If you’re the kind of improviser who likes rules and order, beware. The only thing predictable about Sarah’s performance is that it’ll be wicked funny. (Click here for a glimpse of her as Arya Stark.)
The Wild Card
A close relative of the Imp, the Wild Card comes out of nowhere and fucks with reality. Rob Baker, Matt McCready, and our very own Cameron are all Wild Card players.
James Gangl and Christy Bruce once played parents competing for their offspring’s affection. James’s character tried to one-up his wife, saying, “I saw him smile today.”
Before she could respond, Cameron walked off the back line and snarled, “Sorry I don’t smile much.”
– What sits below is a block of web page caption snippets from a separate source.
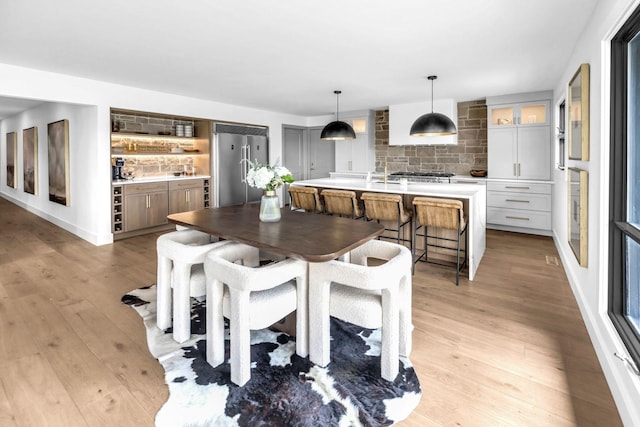 dining room featuring light wood-style floors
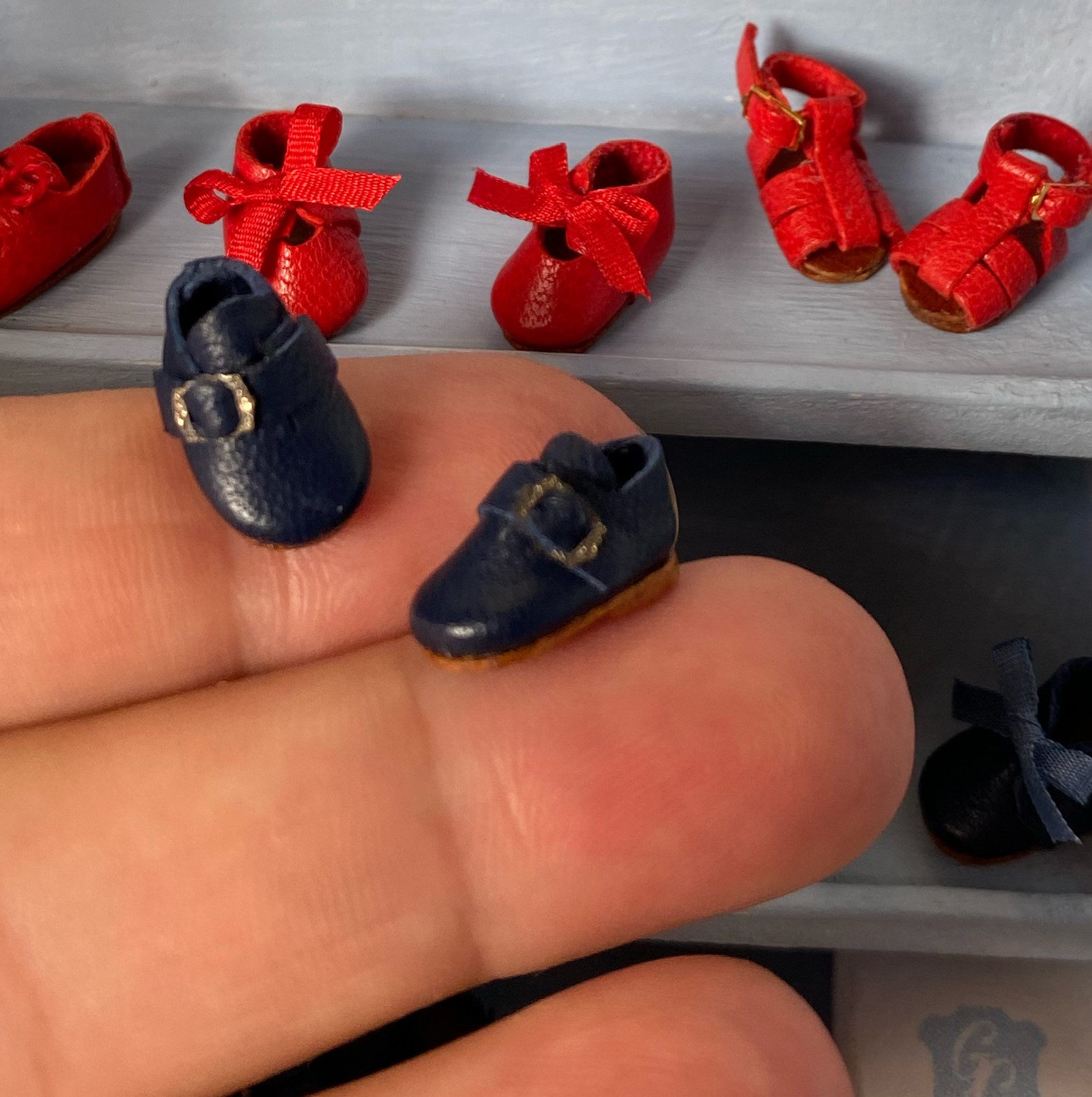 Mano sostiene pequeños zapatos negros y rojos con lazos, sobre una superficie gris clara.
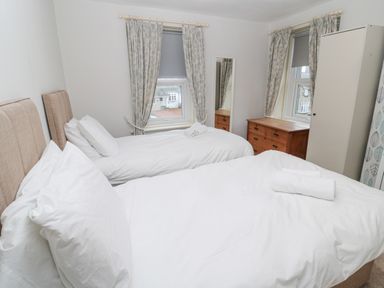 A bedroom with two single beds white bedding wooden dresser full length mirror and two windows with curtains at The Haven in North Sunderland near Seahouses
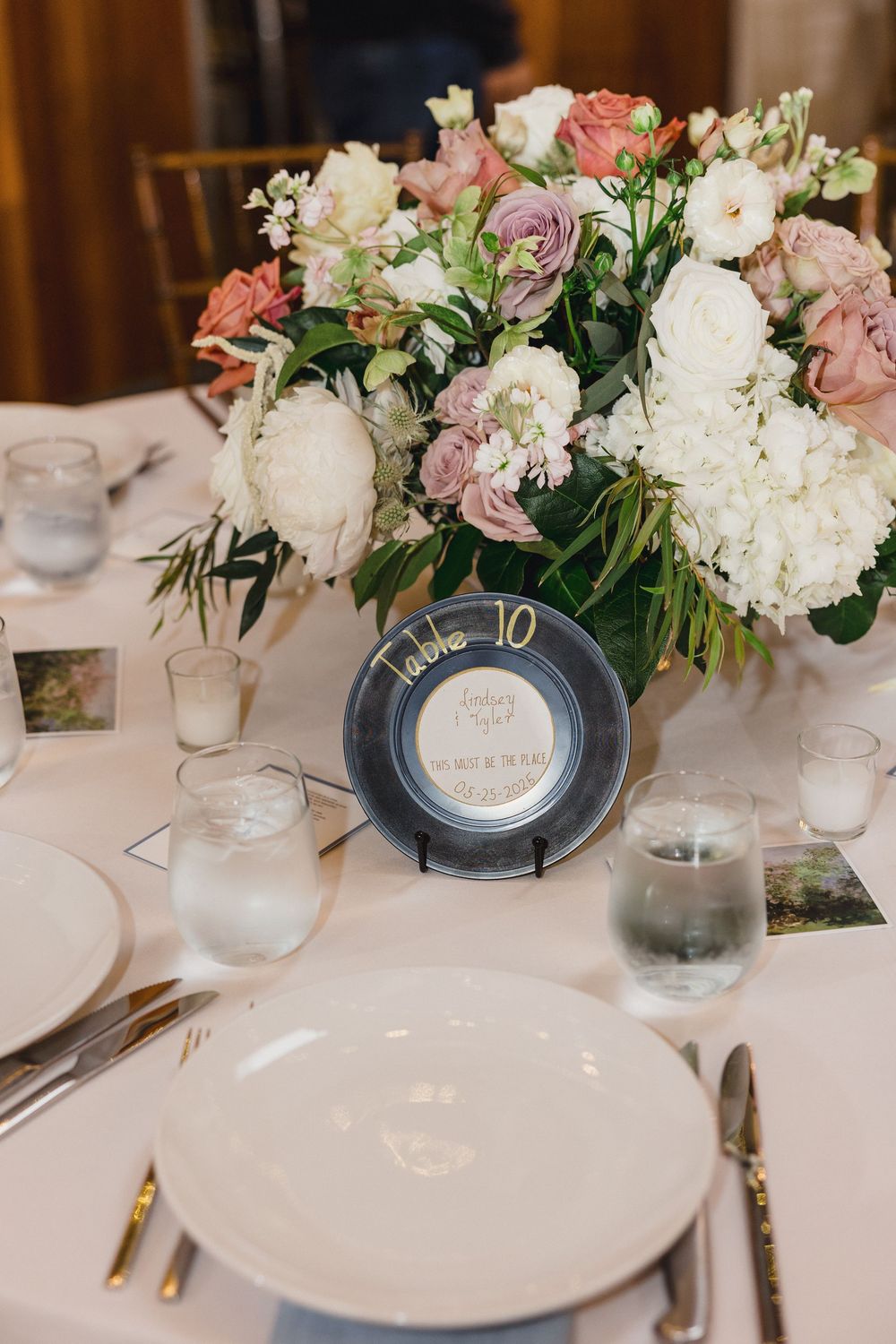 Elegant table setting with pink and white floral arrangements and numbered table markers.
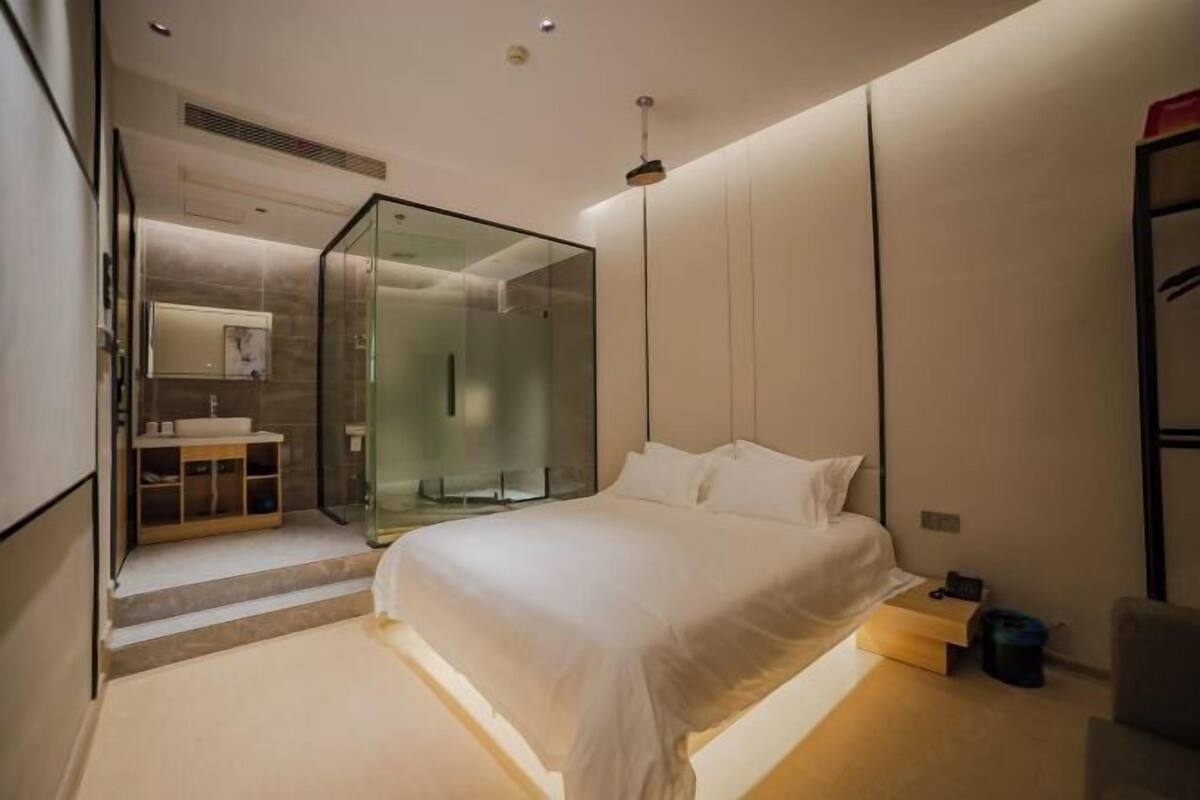 Un dormitorio moderno con cabina de ducha de vidrio, una cama con ropa de cama blanca y una mesita de noche.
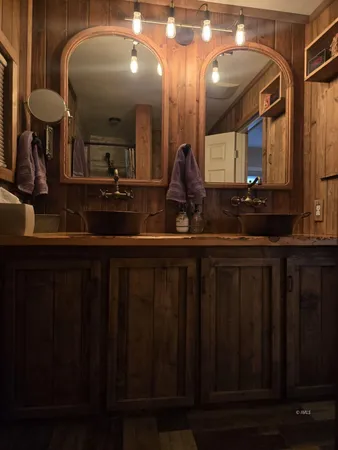 a bathroom with double vanity and a mirror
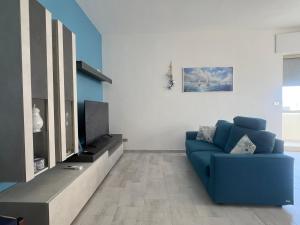 a living room with a blue couch and a tv at Ella Apartment in Otranto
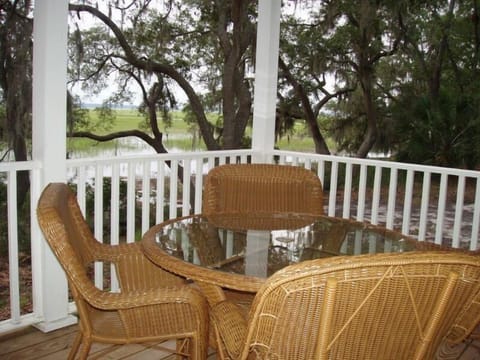 Back porch with 2 tables and chairs for outdoor dining or happy hours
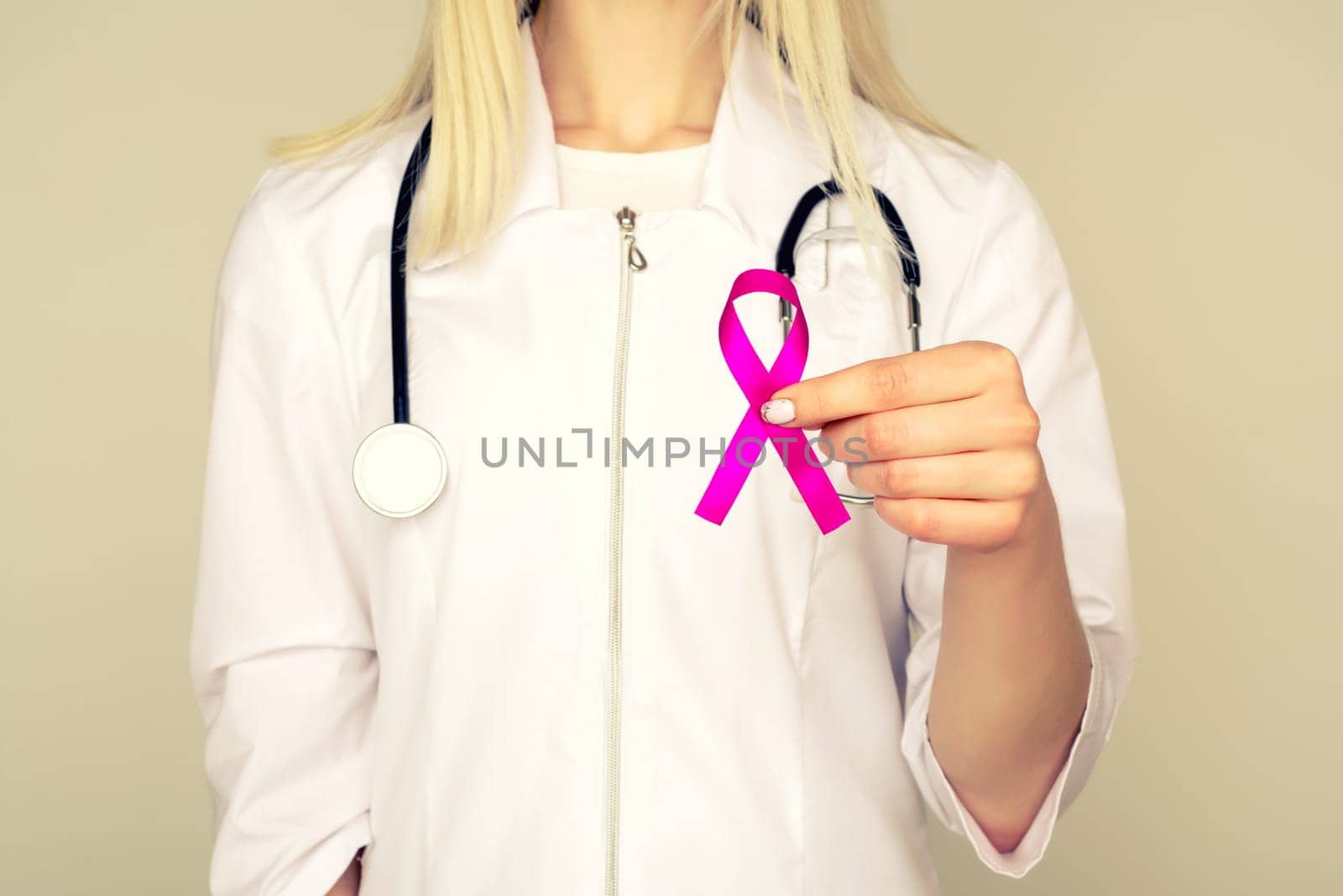 Female Doctor Holds Pink Ribbon, International Breast Cancer Day October 7 by zartarn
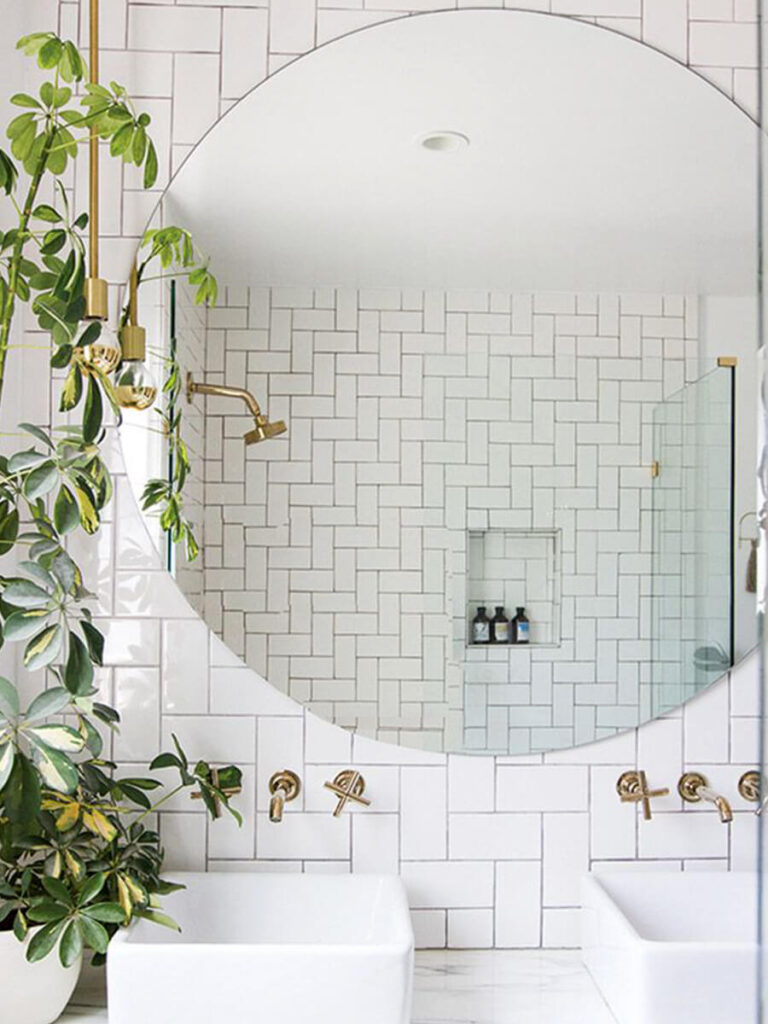Chic bathroom featuring matte white subway tiles in a vertical herringbone layout, spotted in a large round mirror above double sinks, with brass hardware and tall green plants for a spa-like vibe.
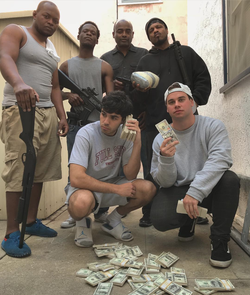 Image of some of the members of NELK with gangsters.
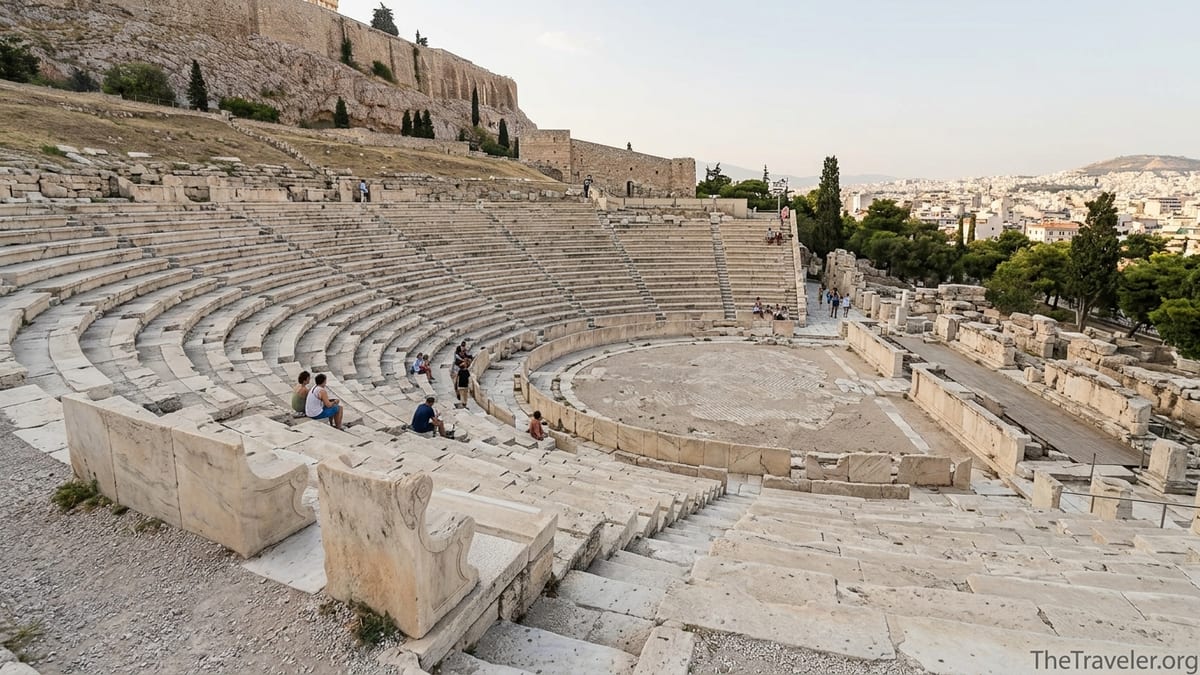 Curved stone seating of the Theatre of Dionysus below the Acropolis in Athens under soft afternoon light.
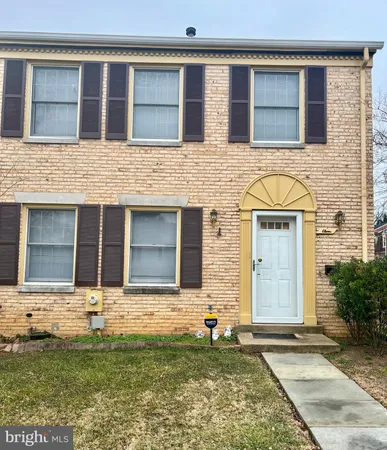 a front view of a house with garage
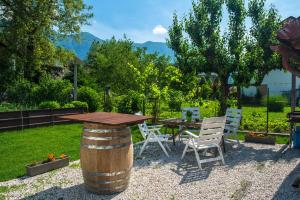 a wooden table and chairs and a table and chairs at Apartmaji Prton Bovec in Bovec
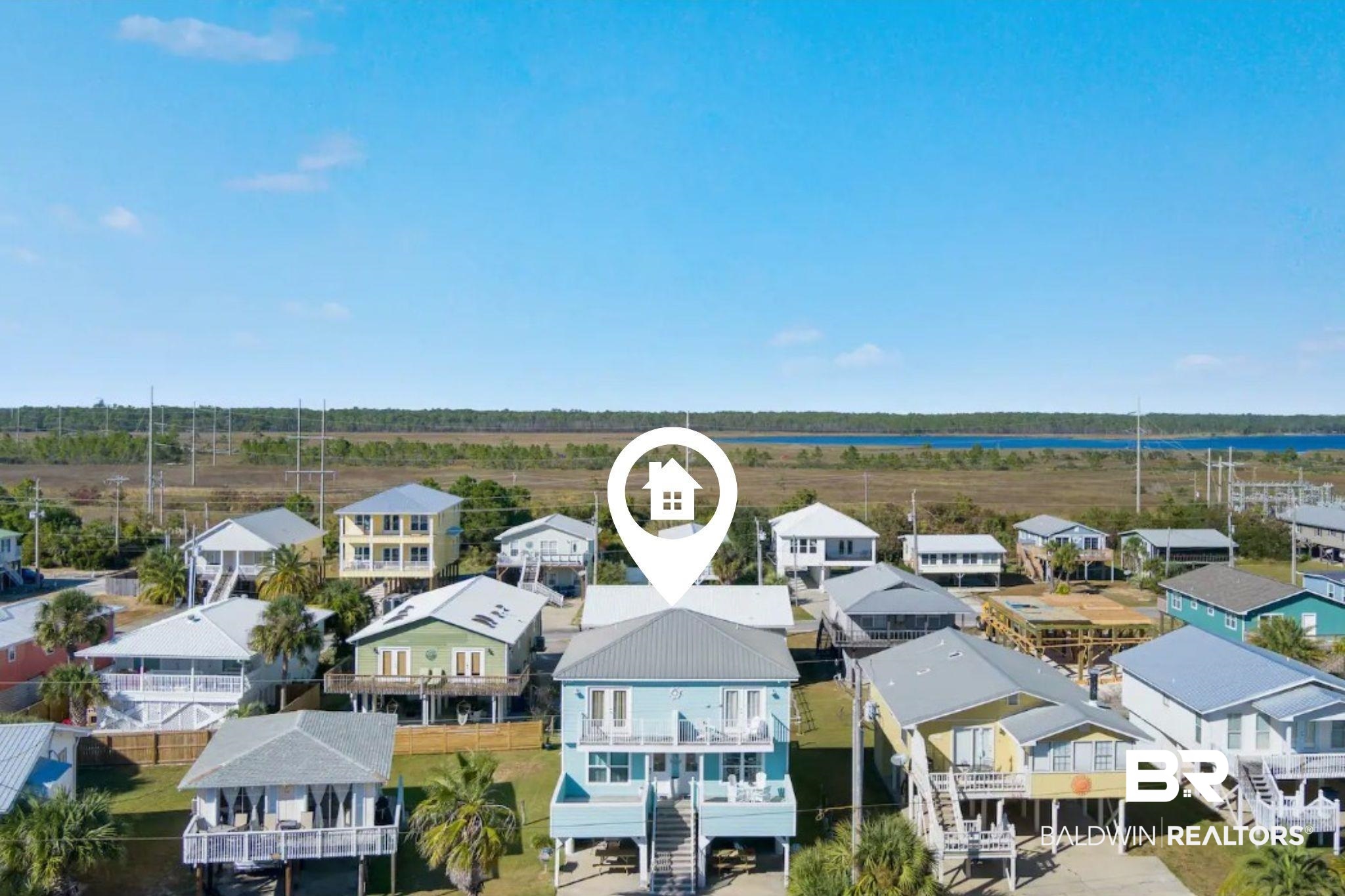 Aerial view of raised coastal homes, with a blue house marked in the foreground and water beyond.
The audience exploded with laughter. After all, nothing the characters had said ruled out the possibility that their child was 30-something. When the world you thought you were seeing is turned upside down, you’re probably watching a Wild Card.
Some performers stand out for their ability to blend in. While everyone else is larger-than-life, the Everyman quietly plays in the spaces between, often the scene’s voice of reason.
That doesn’t mean the Everyman is boring. Far from it. Because he (or she) plays so many roles with ease, they can do weird stuff like this and be totally believable.
Jim Annan, Jameson Kraemer, James Gangl and TJ Jagodowski are all superb Everyman performers.
We had to make a category for this rare, sometimes terrifying improviser. Jason Mantzoukas is one. So is Alex Tindal.
The Kraken is fearless, owning the stage the moment they set foot on it. Like the Clown, they don’t flinch from what’s happening, but rather, turn it up to eleven.
We witnessed Mantzoukas play a psychopath at the Friars Club Improv & Sketch Competition. His character took Ed Herbstman’s hostage, raped him (in real time), then shot an audience member in the head. If that doesn’t sound funny, it wasn’t. But it was electrifying, honest, and completely unforgettable.
The intent isn’t to mimic your favourite performers, but to find ways you can bring as much commitment and passion as they do to every set.